§ Task statement:
Output exactly, and only, the lines below from the one with "NICETOWN 100% Blackout" down to the one with "Set Aus 3 Runden". Include both end lines and no pictures.

──────── Supplied records ────────

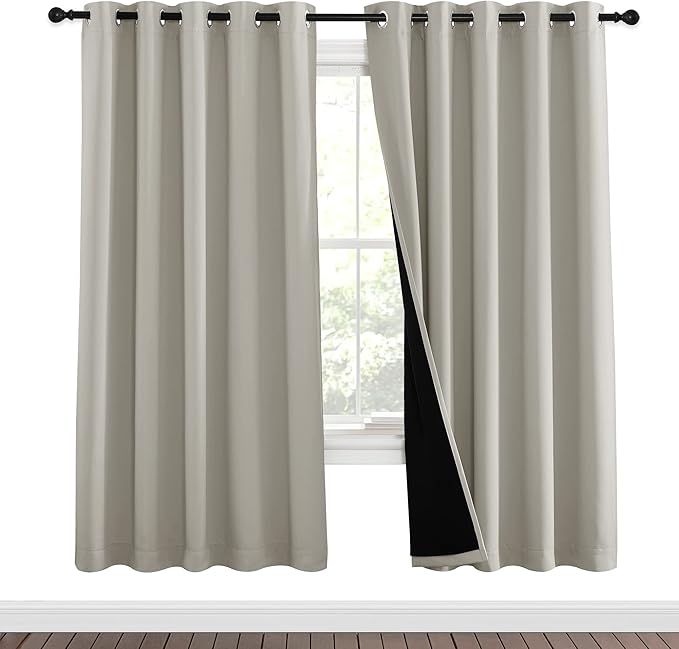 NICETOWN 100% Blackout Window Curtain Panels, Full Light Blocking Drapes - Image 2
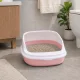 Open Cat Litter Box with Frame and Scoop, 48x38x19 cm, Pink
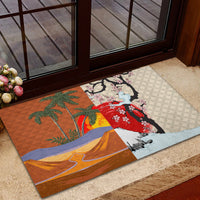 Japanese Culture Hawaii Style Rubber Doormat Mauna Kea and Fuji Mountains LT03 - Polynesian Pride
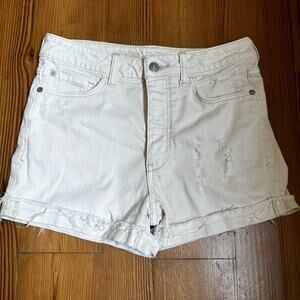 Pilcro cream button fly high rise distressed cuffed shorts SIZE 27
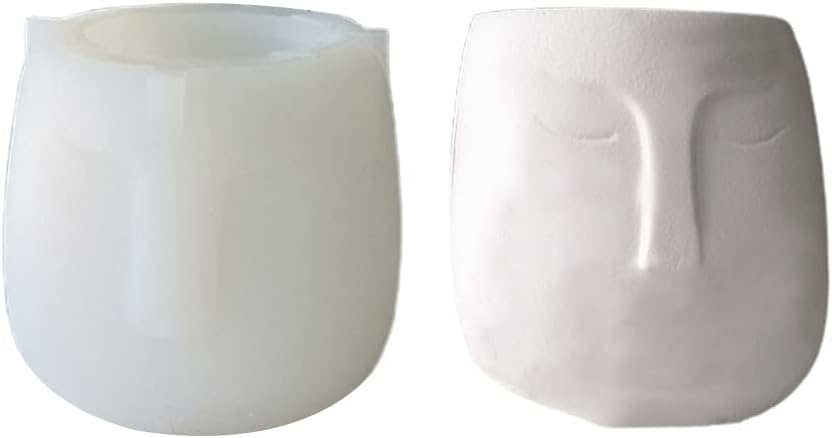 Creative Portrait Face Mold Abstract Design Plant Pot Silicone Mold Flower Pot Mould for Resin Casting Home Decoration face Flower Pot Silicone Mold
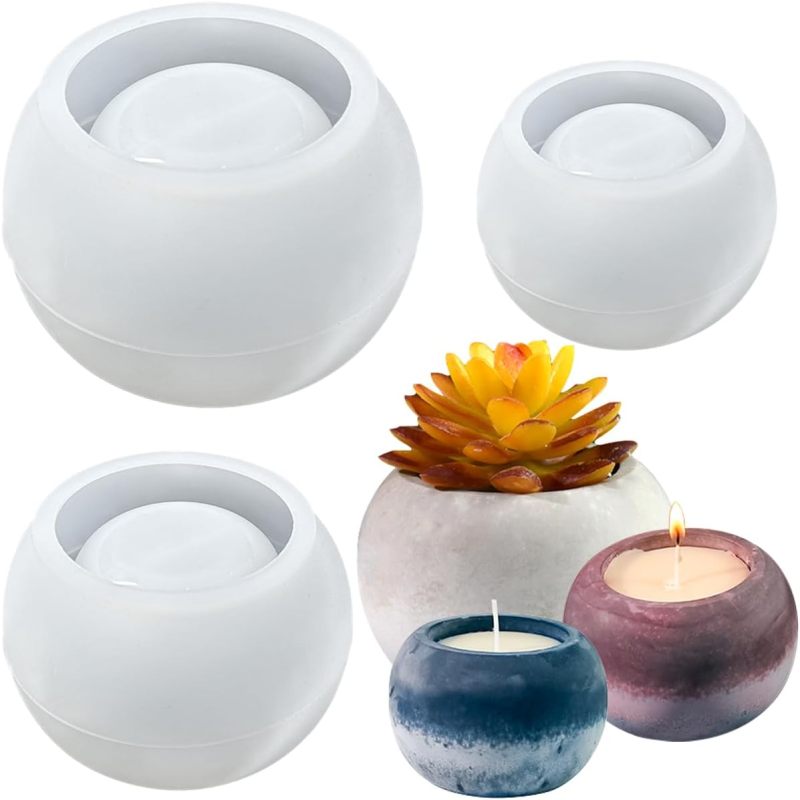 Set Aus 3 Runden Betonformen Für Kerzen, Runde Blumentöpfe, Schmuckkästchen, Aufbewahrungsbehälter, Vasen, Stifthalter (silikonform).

────────
──────── Supplied records ────────

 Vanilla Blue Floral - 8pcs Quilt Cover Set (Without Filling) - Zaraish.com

────────
──────── Supplied records ────────

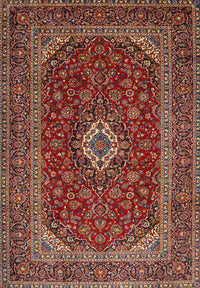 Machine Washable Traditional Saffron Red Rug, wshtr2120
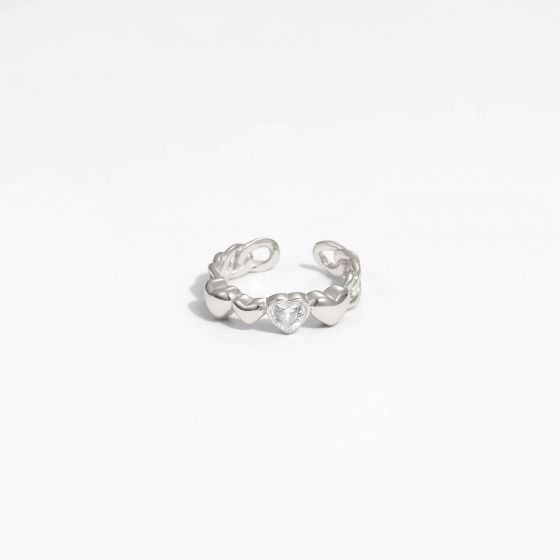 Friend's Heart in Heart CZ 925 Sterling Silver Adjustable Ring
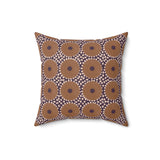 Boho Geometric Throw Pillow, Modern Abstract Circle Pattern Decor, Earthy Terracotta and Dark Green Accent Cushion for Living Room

────────

§ The answer:
 NICETOWN 100% Blackout Window Curtain Panels, Full Light Blocking Drapes - Image 2
 Open Cat Litter Box with Frame and Scoop, 48x38x19 cm, Pink
 Japanese Culture Hawaii Style Rubber Doormat Mauna Kea and Fuji Mountains LT03 - Polynesian Pride
 Pilcro cream button fly high rise distressed cuffed shorts SIZE 27
 Creative Portrait Face Mold Abstract Design Plant Pot Silicone Mold Flower Pot Mould for Resin Casting Home Decoration face Flower Pot Silicone Mold
 Set Aus 3 Runden Betonformen Für Kerzen, Runde Blumentöpfe, Schmuckkästchen, Aufbewahrungsbehälter, Vasen, Stifthalter (silikonform).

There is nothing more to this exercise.